### Provided material
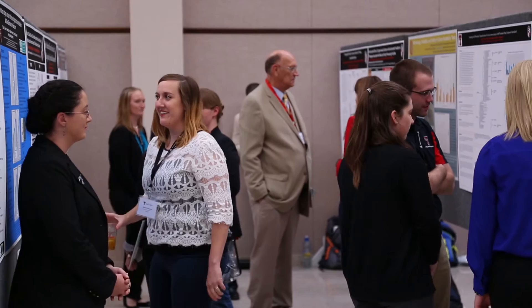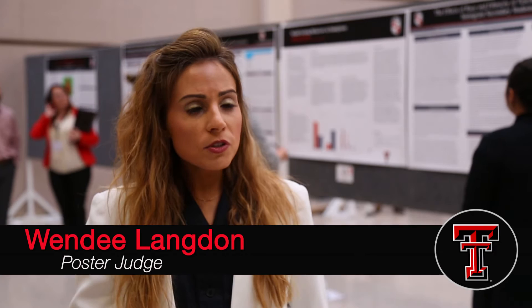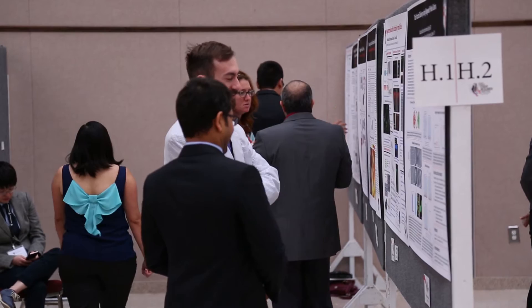We assign judges from different academic fields to judge their poster to allow this interdisciplinary experience for the students. What I'm going to be looking for and asking them is: what was your goal going into the project? What were you seeking out to find? What was your hypothesis? What did you find? What was the end result? And then what do you intend to do with the study now that it's over — do you intend to do anything more with the study?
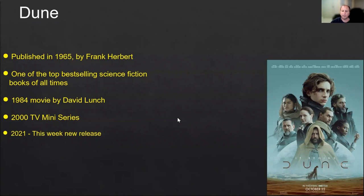Dune was originally published in 1965 by Frank Herbert. It is one of the top best-selling science fiction books of all time. There was one movie that came out in 1984 by David Lynch, a mini-series that came out in 2000, and now we are all excited as the new movie was just released this week, October 22nd.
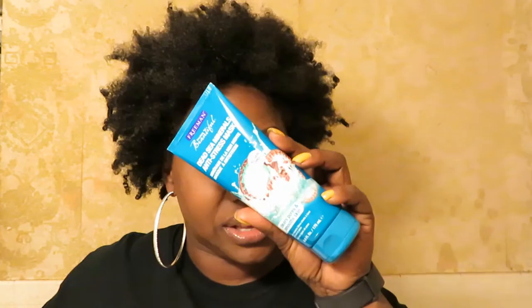Apply it on face and neck, let dry, rinse with warm water. You can use it twice a week or whatever. So this one's new to me because it's anti-stress — Dead Sea Minerals. You know, we got seashells and stuff. So if you want to see how we rock with this, stay tuned after the jump.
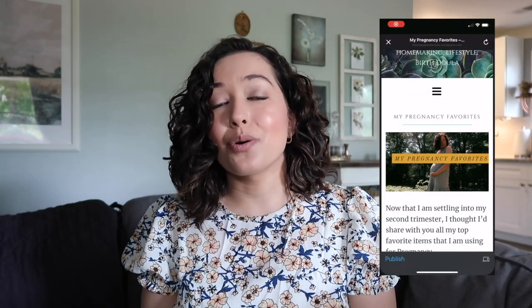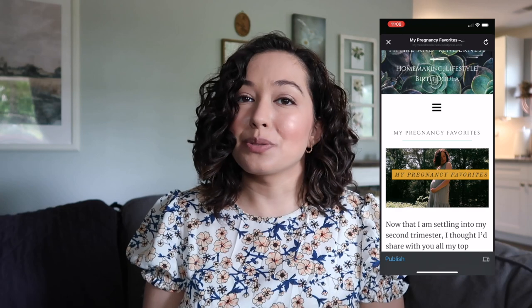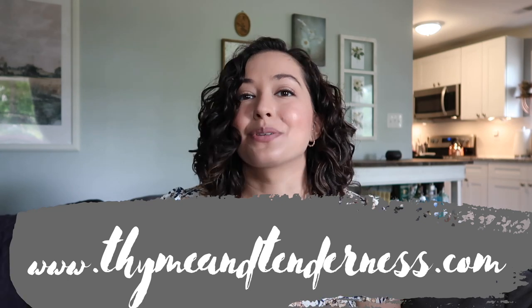Today I'm going to be bringing you my top 10 current favorite pregnancy items. I am settling well into my second trimester and I've already started to collect an assortment of various pregnancy items. I use them every single day — I can't go a day without them. So let's jump into it. This video also goes in conjunction with a blog post on my blog, so if you want the links to all of these items as well as more of a description, that'll all be linked in the description down below. Let's get started.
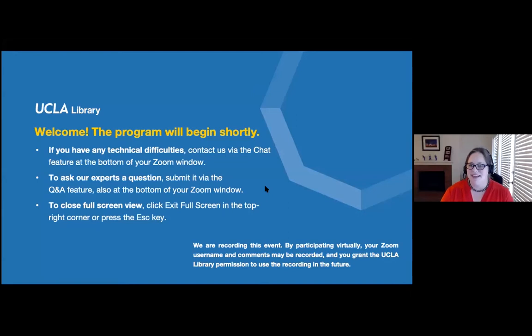Thank you all for joining us today for a discussion with the Sciences Libraries on how we're helping advance student success in the sciences. We do have an option for closed captioning that you can see in the bottom menu options to your right. If you'd like to receive closed captioning for this event, you can turn it on there.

### Aim of the exercise
Set down again, exactly, the lines from the one with "Apply it on" to the last line of the data, both included and pictures excluded.

### Solution to this problem
Apply it on face and neck, let dry, rinse with warm water. You can use it twice a week or whatever. So this one's new to me because it's anti-stress — Dead Sea Minerals. You know, we got seashells and stuff. So if you want to see how we rock with this, stay tuned after the jump.
Today I'm going to be bringing you my top 10 current favorite pregnancy items. I am settling well into my second trimester and I've already started to collect an assortment of various pregnancy items. I use them every single day — I can't go a day without them. So let's jump into it. This video also goes in conjunction with a blog post on my blog, so if you want the links to all of these items as well as more of a description, that'll all be linked in the description down below. Let's get started.
Thank you all for joining us today for a discussion with the Sciences Libraries on how we're helping advance student success in the sciences. We do have an option for closed captioning that you can see in the bottom menu options to your right. If you'd like to receive closed captioning for this event, you can turn it on there.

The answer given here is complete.